A new internal report from the OPD casts the police department as victims who showed "a great deal of restraint while surrounded by an angry, assaultive crowd" during last October's melee with Occupy Oakland supporters. The report reveals that a lack of organization on the part of the police led to news of their October 25 raid on the encampment at Frank Ogawa Plaza being leaked to protesters, and that the department was short-staffed in the later part of the day as tensions rose in the streets of downtown Oakland. Also, they neglect to mention the Scott Olsen or Kayvan Sabehgi incidents at all, and paint a picture of policemen being attacked from all sides by angry protesters.

Furthermore, as the East Bay Express reports, though it is the OPD's Internal Affairs unit that is investigating the events of October 25 and November 2, it was the head of that unit, Captain Paul Figueroa, who was in charge of field operations during the later portion of the day and evening on October 25, which is a clear conflict of interest.

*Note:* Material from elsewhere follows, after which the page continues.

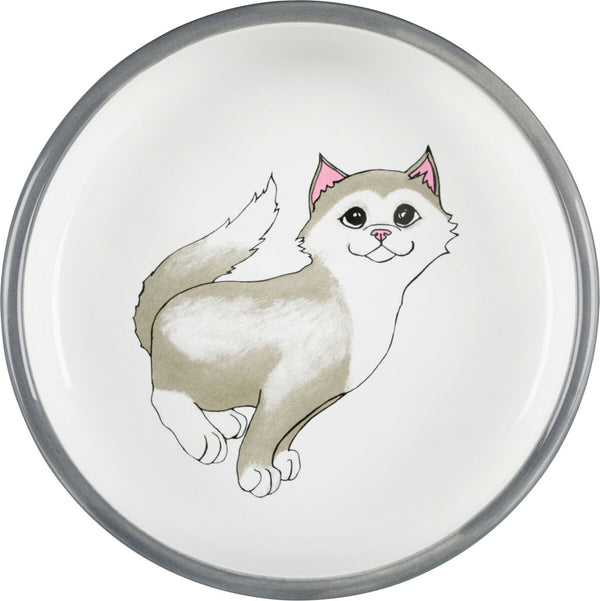 Ceramic bowl, cat, for short-nosed breeds, 0.3 l/ø 15cm, grey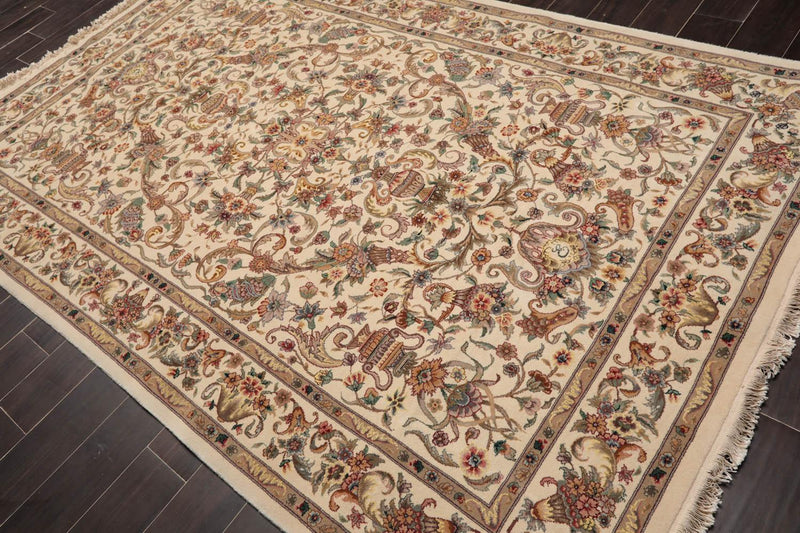 5’10" x 8’11" Hand Knotted Wool & Silk Sino Persian 200 KPSI Area Rug Ivory Tan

Four separate investigations are ongoing about Oakland police's response to Occupy, and several lawsuits have been filed against the department as a result of injuries sustained by protesters. An independent firm, the Frazier Group, headed by a former Baltimore cop, is conducting the investigations, and the OPD recently requested that their $100,000 contract be upped to $350,000 due the large number of complaints they've had to field. There's no word on when reports from those investigations will be complete.

Meanwhile, the OPD is gearing up to deal with what will likely be a large May Day action by Occupy, as part of a day of nationwide protest.